The Future of Forensics
I have wanted to write this article for a couple years now. I have been talking about enterprise forensics problems and limitations for about 10 years or so, and the nature of the problems become increasingly relevant with each passing day.
The more I look at the “big data” problem, including the proliferation of terabyte and larger hard drives at the endpoint, massive centralized data repositories and the logistics of collecting and processing the data centrally - the more it becomes evident that the future of computer forensics must be based on four primary principles:
- Deduplication of data prior to searching, collection or other invasive functions
- Distributed processing at each endpoint with smart agents that are capable of decoding, decrypting, interpreting and searching all data types
- Cloud-based agent instruction and correlation of processed data indexes
- Centralized viewing of data and results from all distributed data sources
If you take a look at the ever expanding scope of data being created and disseminated, the challenge of using traditional, centralized computer forensic methods are unscalable. I have been doing enterprise forensics since 2003, a time when slow WAN speeds and 40GB hard drives were too much for the technology, and the user experience wasn’t very good.

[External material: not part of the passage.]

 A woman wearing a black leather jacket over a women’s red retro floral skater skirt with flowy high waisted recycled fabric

Fast forward to today. It is true that WAN speeds have improved (which theoretically should help), but the size of hard drives and data repositories has grown even faster. In the end, the user experience of trying to view data over a WAN isn’t any better now than it was then. In fact, it is probably worse. You just can’t reasonably collect, process and view the quantity of data that exists in modern environments using the current centralized approach employed by most enterprise forensic tools. It times out and fails.
To combat this, there is a workaround (really more of a hack). You can deploy a forensic examiner (physical or virtual) to each physical location so you have LAN-based speeds to do your investigation. Or, you need to do some kind of remote/phone home collection to bring all of the data back to the central location and search it locally. But, this is not a reasonable approach for every situation, and it is almost always clunky and clumsy because it requires multiple attempts to collect data. This seldom results in a comprehensive data set as it generally precludes the ability to obtain data from small offices and remote users.

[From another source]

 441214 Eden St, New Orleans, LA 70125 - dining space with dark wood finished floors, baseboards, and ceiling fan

Considering the increased capabilities of modern endpoints, it is now reasonable to push more of the workload down to the local machine, sending only the metadata associated with the search results back to a centralized location. In this way, it could be centrally indexed, queried and viewed almost instantaneously from the central console in the cloud.
At this point in the conversation, the logical question is: If native data that exists only on the endpoint needs to be viewed, how do you get to it? The answer: It could be requested by the interface in the cloud and provided by the endpoints. The endpoints would need to check in at rapid intervals for instructions if their data was being reviewed, and the endpoints could serve up requested data to be viewed by the central console. Most live preview functionality works similar to this now, with the exception that console reaches out the endpoint, instead of the other way around. Either way will work if the endpoints check in frequently enough.
Considering my background in forensic software design, there is a temptation to turn this post into a series of feature requests and architecture diagrams, but I probably shouldn’t go any deeper than this. I am happy to work with any forensic software company and whiteboard out an architecture diagram and set of features for a system such as this. I would love to see someone make it and to be a part of it. It would make my life in enterprise forensics a lot easier.